Dicen que el tiempo todo lo ordena, como un mayordomo invisible que arregla las copas del pasado en la vitrina de la memoria. Y allí, justo en esa alacena íntima donde se guardan los grandes momentos con papel de seda, aparece Sara Baras, bailaora de estirpe y coraje, la que un día se plantó sola ante el tablao de La Unión y dijo, con el taconeo por delante: "Aquí estoy yo". Han pasado 27 años desde que fundó su propia compañía, y si entonces era una promesa ardiente, hoy es una llamarada que no cesa.
Volvió a La Unión, esa tierra minera donde las entrañas de la música se forjan con sudor y lamento, para celebrar el cuarto de siglo de su aventura artística. Lo hizo con Vuela, un espectáculo en forma de homenaje al que fue su compañero de viaje espiritual: Paco de Lucía.

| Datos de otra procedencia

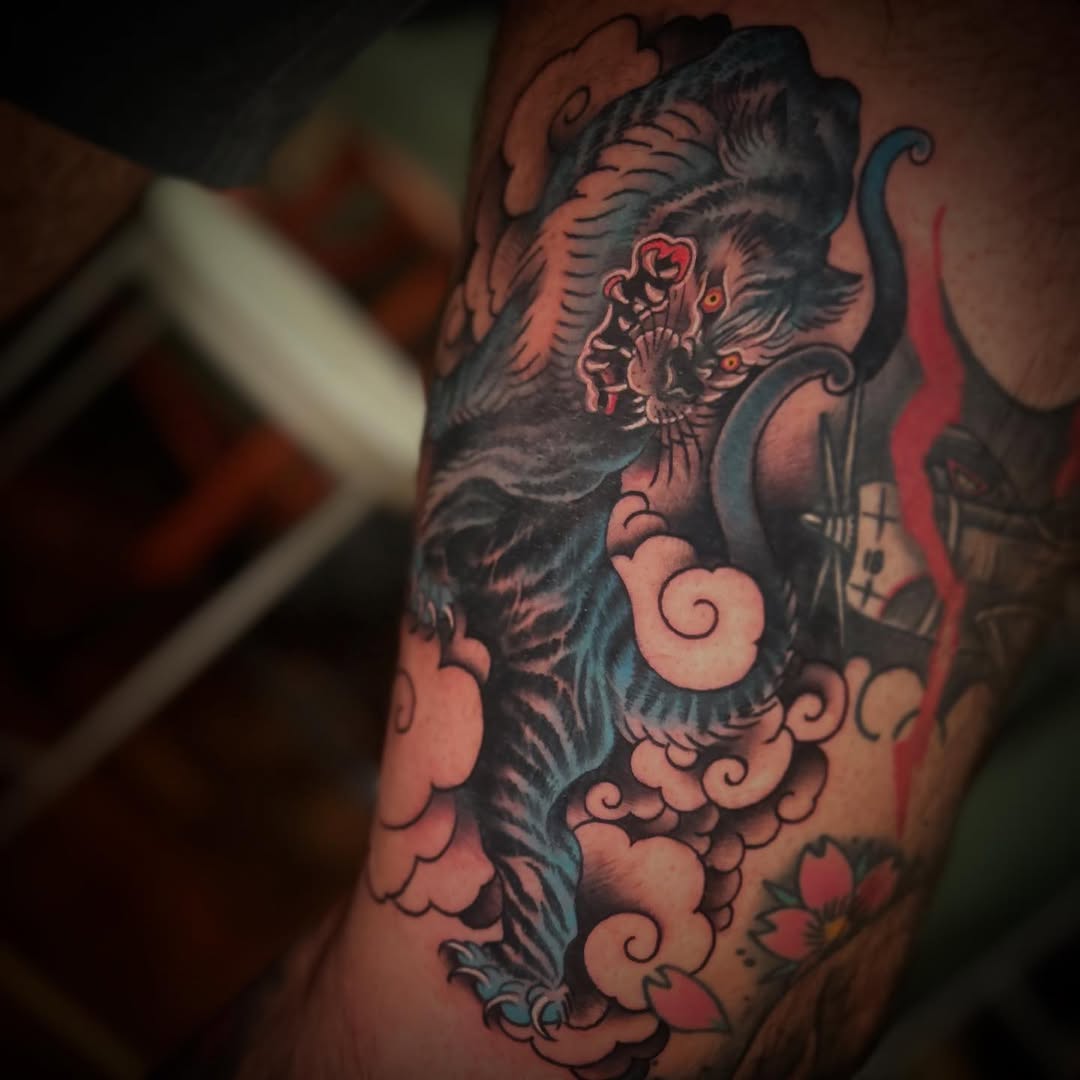 Tattoo by @daemiondesign — japanese_irezumi, black_and_grey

Dividido en cuatro actos —Madera, Mar, Muerte y Volar—, el montaje no es sólo un tributo, sino una travesía lírica y rítmica por la esencia misma del arte flamenco, donde el cuerpo se convierte en verso y los pies en tambor del alma.
Todo comienza con una silla vacía bajo el foco, esa especie de altar minimalista donde suena la guitarra del maestro ausente. No hay palabras, no hace falta. Ahí está Paco, en cada cuerda que vibra, en cada silencio que pesa como una lágrima contenida. La madera cobra vida con los pies de Baras, que baila por zapateado con una energía que parece surgir del fondo de la tierra. Bracea como quien quiere agarrar el cielo, mientras el escenario la sostiene como una patria breve.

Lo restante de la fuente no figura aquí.